▶ **PROBLEM DETAILS**:
Only the pictures are to be left out, and the rest of the entries should be reproduced exactly.

▶ **DATASET**:
--- START ---

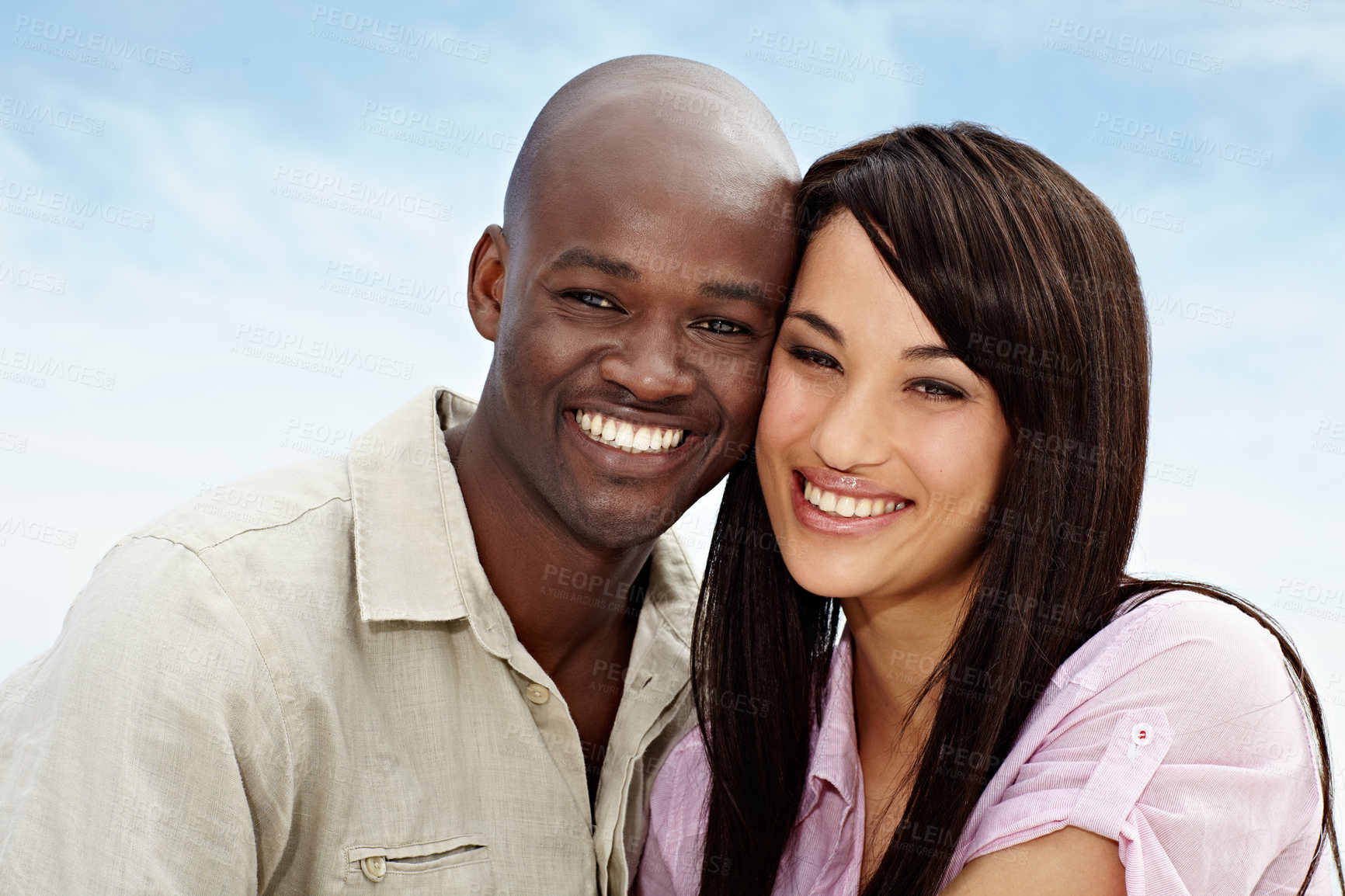 Buy stock photo Portrait of an affectionate couple enjoying a day outside together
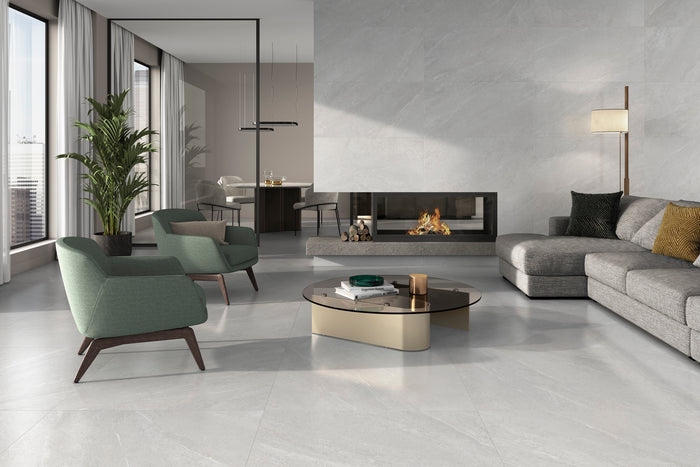 A modern living room with light gray stone-look porcelain floor tiles, featuring a gray sectional sofa, two green accent chairs, a round coffee table, and a built-in fireplace against a textured gray wall.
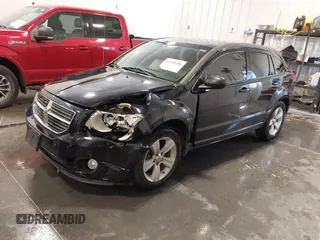 2011 Dodge Caliber Mainstreet with VIN 1B3CB3HA2BD148279, listed as a IAAI auction lot 42150488 with 131,278 mi miles and . Bid and sale history available at DreamBid. Image 18.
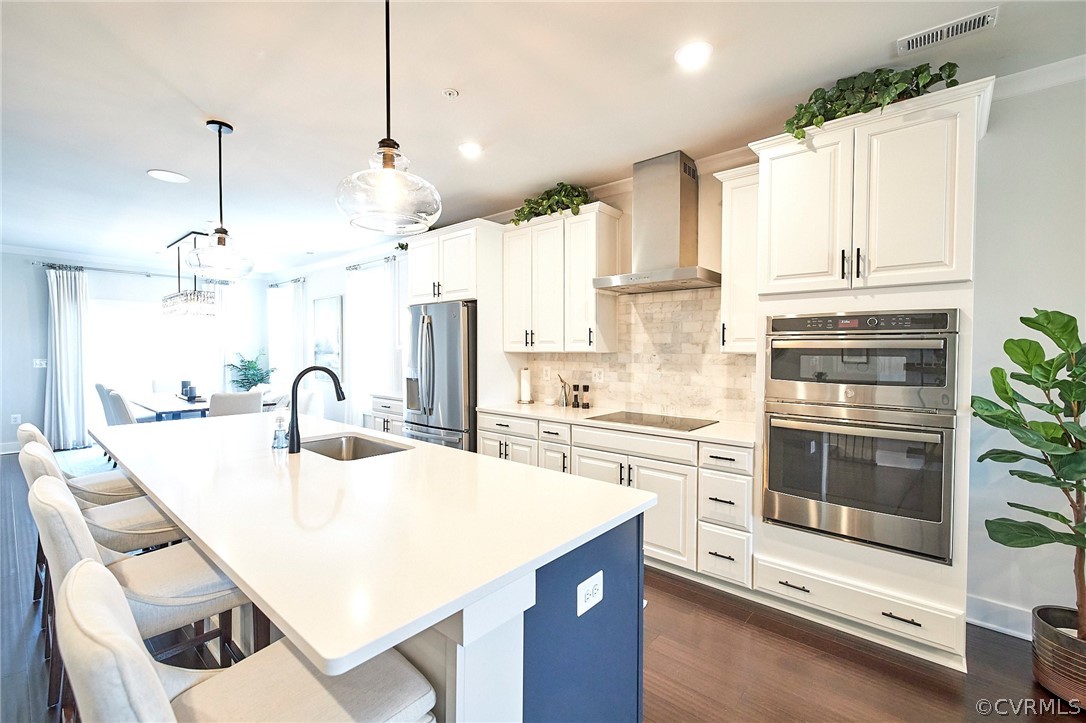 Kitchen featuring a kitchen bar, wall chimney range hood, decorative light fixtures, stainless steel appliances, and a center island with sink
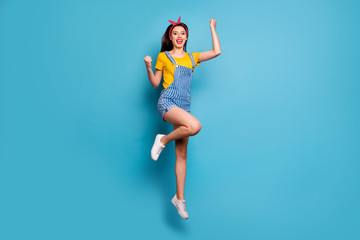 Fototapeta na wymiar Full length body size view of her she nice attractive lovely charming cheerful cheery glad lucky girl jumping having fun celebrating isolated over bright vivid shine vibrant blue color background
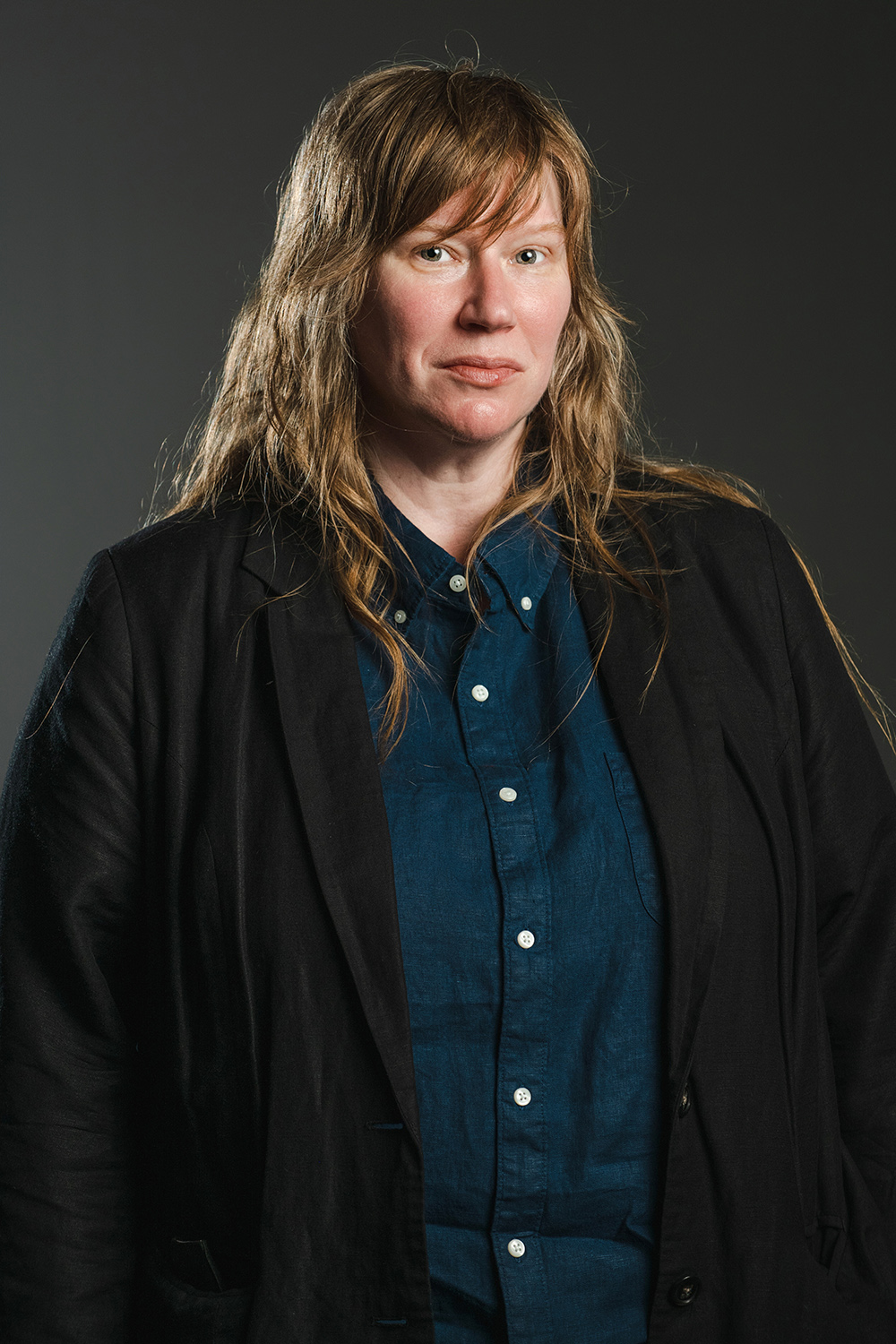 Color photograph of a light skinned woman with brown hair wearing a black blazer over an indigo shirt; she looks at the camera with a serious expression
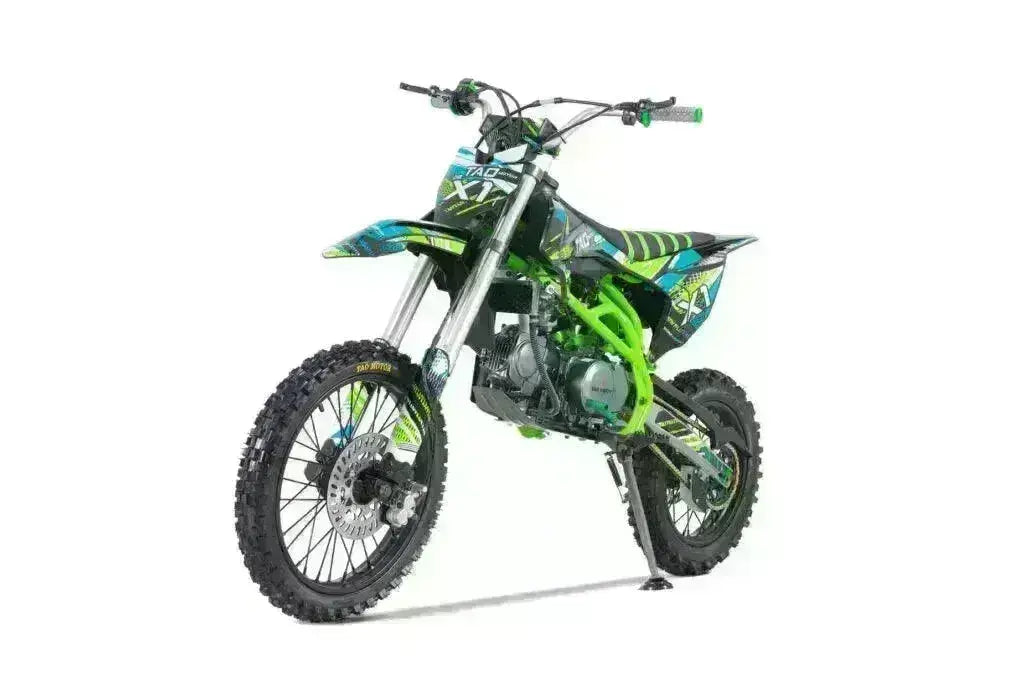 Green 140cc DBX1 off-road dirt bike with knobby tires from Q9 PowerSports USA on white background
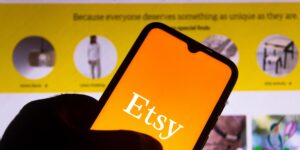 A hand holding a smartphone with the ETSY logo displayed on the screen.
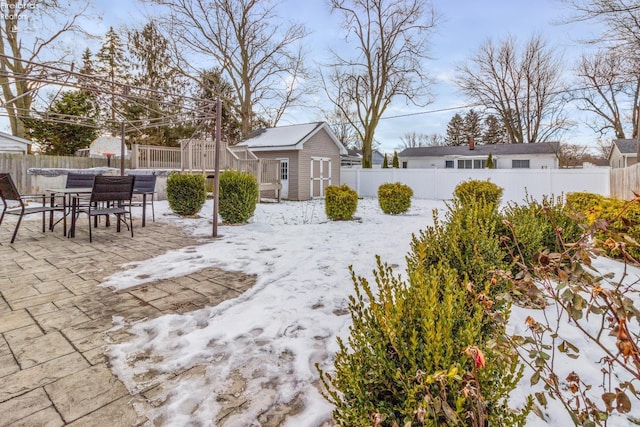 snowy yard with an outbuilding and a patio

--- END ---

▶ **TASK SOLUTION**:
 Buy stock photo Portrait of an affectionate couple enjoying a day outside together
 A modern living room with light gray stone-look porcelain floor tiles, featuring a gray sectional sofa, two green accent chairs, a round coffee table, and a built-in fireplace against a textured gray wall.
 2011 Dodge Caliber Mainstreet with VIN 1B3CB3HA2BD148279, listed as a IAAI auction lot 42150488 with 131,278 mi miles and . Bid and sale history available at DreamBid. Image 18.
 Kitchen featuring a kitchen bar, wall chimney range hood, decorative light fixtures, stainless steel appliances, and a center island with sink
 Fototapeta na wymiar Full length body size view of her she nice attractive lovely charming cheerful cheery glad lucky girl jumping having fun celebrating isolated over bright vivid shine vibrant blue color background
 Color photograph of a light skinned woman with brown hair wearing a black blazer over an indigo shirt; she looks at the camera with a serious expression
 Green 140cc DBX1 off-road dirt bike with knobby tires from Q9 PowerSports USA on white background
 A hand holding a smartphone with the ETSY logo displayed on the screen.
 snowy yard with an outbuilding and a patio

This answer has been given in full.